Он подхватил ее на руки так легко, словно она была одной из тех картонных лебедей, и сделал несколько шагов вглубь костюмерной. Он опустил ее на груду старых театральных плащей, сваленных на огромный дубовый сундук. Алый бархат плаща кардинала Ришелье, синий шелк наряда принца Зигфрида, парча из одеяния царя Додона – вся эта мертвая роскошь стала их ложем.
Не было слов. Они были не нужны. Были только руки, губы, прерывистое дыхание. Он расстегивал пуговицы на ее платье, и его пальцы, привыкшие к холодной стали затвора, были неловкими и торопливыми. Она помогала ему, распутывая узлы и завязки, а сама тянулась к нему, пытаясь расстегнуть крючки на воротнике его шинели, чтобы коснуться живой, теплой кожи на его шее.
Это был союз шелка и пороха. Ее тело, гибкое, натренированное, привыкшее к строгой геометрии танца, сейчас двигалось по иным, древним, инстинктивным законам. Его тело, напряженное, покрытое сетью старых шрамов от германской шрапнели, искало в ее мягкости забвения и утешения. Когда он накрыл ее собой, тяжесть его тела была не гнетом, а защитой. Щитом от того мира, что бушевал снаружи. Лиза закинула голову, и ее рассыпавшиеся волосы смешались с фальшивым горностаем королевской мантии. Она смотрела вверх, в сумрачную темноту под потолком, где пыльные лучи света выхватывали из мрака позолоченные копья и деревянные мечи, и ей казалось, что они не в костюмерной Мариинского театра, а в каком-то ином измерении, в последнем убежище, где еще действуют законы любви, а не законы ненависти.

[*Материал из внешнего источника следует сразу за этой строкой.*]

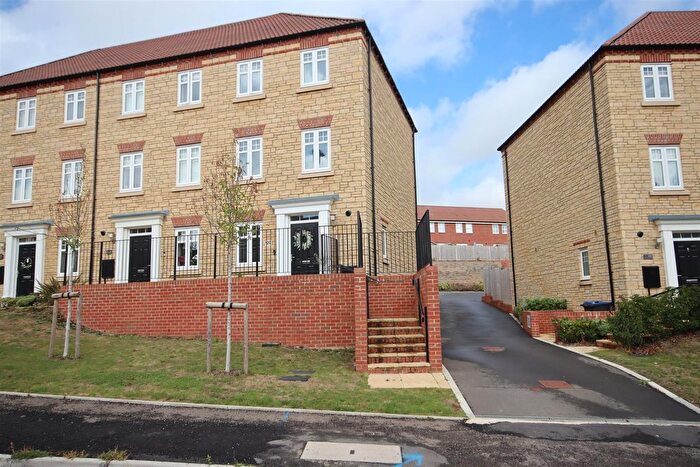 3 Bedroom Town House For Sale In Gainey Gardens, Chippenham, SN15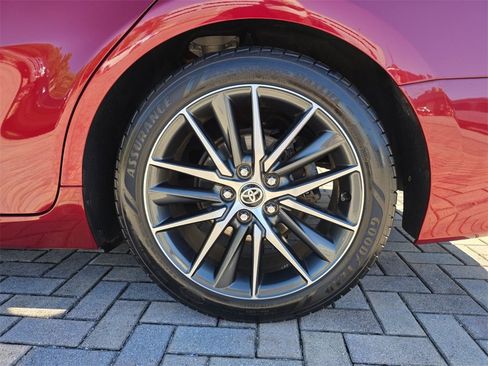 Certified 2021 Toyota Camry XLE w/ Navigation Package image 19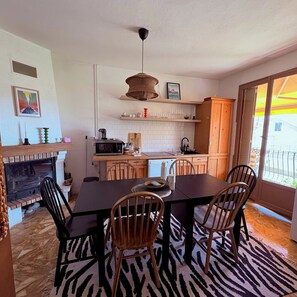 Dining - Beautiful house in the center of the village (Monaccia d’aullene)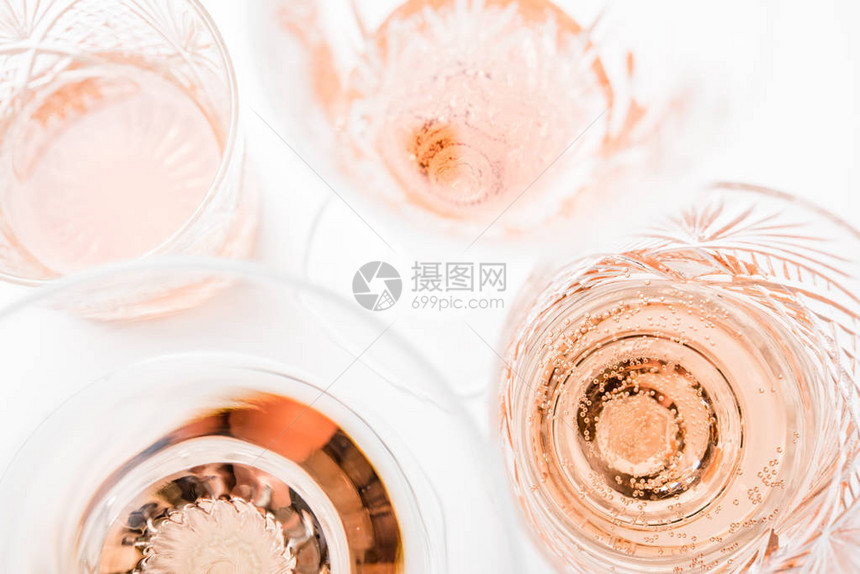 白背景不同杯子的花玫瑰酒庆祝晚图片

Их близость была не столько наслаждением, сколько актом неповиновения. Они утверждали свою жизнь, свое право на счастье, свою любовь посреди рушащейся империи. Каждое прикосновение было вызовом смерти, каждый вздох – гимном жизни. Она обвила его ногами, прижимая к себе еще теснее, пытаясь слиться с ним воедино, стать одним целым, которое невозможно разорвать, уничтожить, разделить. В этот миг она не была ни прима-балериной Ланской, ни сказочной Авророй. Она была просто женщиной, отчаянно цепляющейся за своего мужчину, за единственную опору в мире, который сорвался с цепи. А он не был ни гвардейским капитаном Орловым, ни защитником престола. Он был просто мужчиной, нашедшим в объятиях женщины свой единственный, последний окоп, свою последнюю пядь родной земли, за которую стоило умереть.
Потом все кончилось. Он лежал на ней, уткнувшись лицом ей в плечо, и его тело содрогалось от беззвучных рыданий или от сдерживаемого крика. Она гладила его по коротким, жестким волосам, и слезы сами катились из ее глаз, падая на его щеку, на его шинель, на алый бархат под ними. Тишина в костюмерной стала плотной, оглушающей. Но сквозь нее теперь еще отчетливее доносился гул с улицы, к которому прибавился новый, тревожный звук – далекий и прерывистый колокольный набат.
Он поднялся первым. Движения его снова стали резкими, собранными. Он быстро привел в порядок свою форму, застегнул все пуговицы, поправил ремень. Он не смотрел на нее. Лиза села, запахнув на груди платье. Алый плащ сполз на пол, обнажив синий шелк. Она чувствовала себя бесконечно уязвимой и одновременно странно сильной.